Novidades que muito nos honram e constituem assinaláveis “mais valias”, são as colunas, que agora se iniciam, de Marco Lucchesi e Tiago Rodrigues. Marco é o presidente da prestigiosa Academia Brasileira de Letras, o que só por si diz muito, poeta, romancista, ensaísta, crítico, tradutor, doutorado em Literatura e Filosofia, prof. titular da Universidade Federal do Rio de Janeiro. Com uma vasta obra, distinguido com três prémios Jabuti, traduzido em vários idiomas, dominando 20 línguas, a sua colaboração fortalece também a sempre desejada presença do Brasi nestas colunas. Tiago, atual diretor do Teatro D. Maria II, é um nome cimeiro de criador – autor, encenador, ator – nessa área, já com assinalável carreira e projeção internacionais. Mas, além disso, estou certo que o artista a que em 2019, aos 42 anos, foi atribuído já o Prémio Pessoa, será singular também na escrita e nas crónicas que, como o seu título genérico indica – “Pela estrada fora” – muitas vezes poderá refletir o seu peregrinar profissional. Sublinhe-se que mesmo esta primeira foi escrita em S: Paulo, onde está em trabalho, após digressão por outros países, e no verão dirigirá uma peça, adaptação sua de dois romances de José Saramago, na Royal Shakespeare Company, em Londres.
6) Cronistas do JL foram, ao longo do tempo, nomes maiores da literatura e da cultura portuguesas. Foram e continuam a ser, como se prova nesta edição com todos os que aqui escrevem. Por o espaço não o permitir, não posso aqui individualizar excelentes textos que à frente lerá, e à maioria dos seus autores já em outras ocasiões me referi. Uma outra boa notícia: a crónica de António Mega Ferreira, que além de muito mais e mais importante foi chefe de redação do nosso jornal, passa a ser regular, em quinzenas alternadas – e por isso o seu novo título, “Antes que o mês acabe”, em vez do anterior “De vez em quando”.

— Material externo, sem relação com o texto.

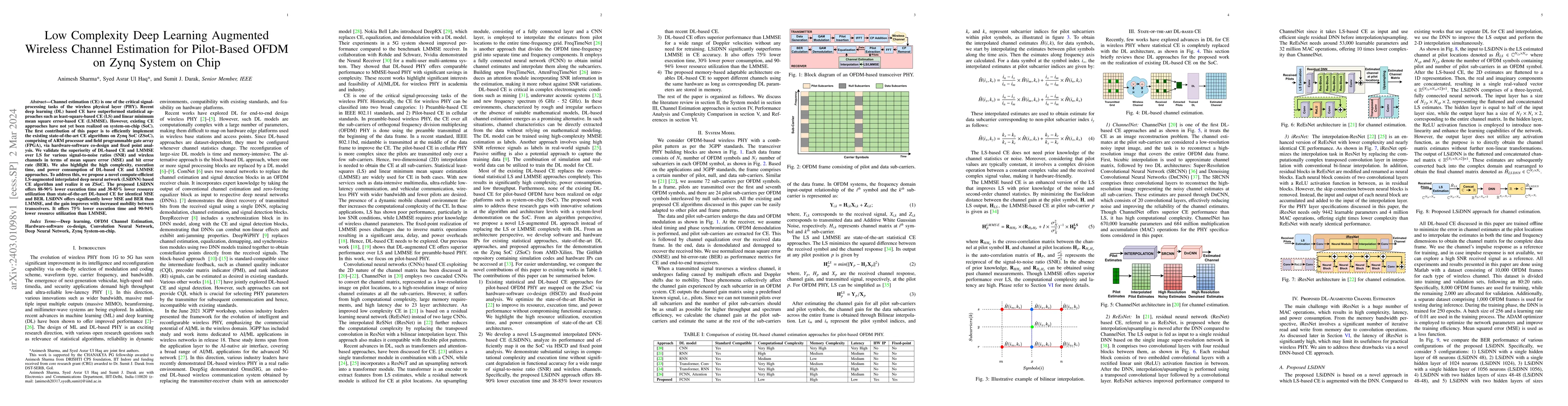 Thumbnail for Low Complexity Deep Learning Augmented Wireless Channel Estimation for
  Pilot-Based OFDM on Zynq System on Chip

Três últimas notas. A primeira para referir as entrevistas com duas personalidades tão excecionais como diferentes – Amin Maalouf e Maria João Pires – que também muito valorizam esta edição. A segunda para sublinhar que na secção “Inéditos”, uma das que foram rareando e queremos que voltem, temos o gosto de publicar textos de duas figuras muito relevantes da lusofonia: Alberto da Costa e Silva, poeta, memorialista, historiador de África, diplomata, Prémio Camões em 2016, e Jorge Carlos Fonseca, poeta e ficcionista, jurista, atual Presidente da República de Cabo Verde e da CPLP. A terceira para manifestar a vontade de continuar a desenvolver a parte das “ideias” do jornal. Como sucede, ainda nesta edição, com o expressivo texto de Isabel Mota, a presidente da Fundação Calouste Gulbenkian, sobre a decisiva questão climática e o Prémio para a Humanidade agora criado pela instituição que é talvez a mais credora do reconhecimento dos portugueses.
E, já agora, um ‘esclarecimento’: não solicitamos a ninguém qualquer referência aos 40 anos do JL. Quem os referiu, fê-lo por sua própria iniciativa.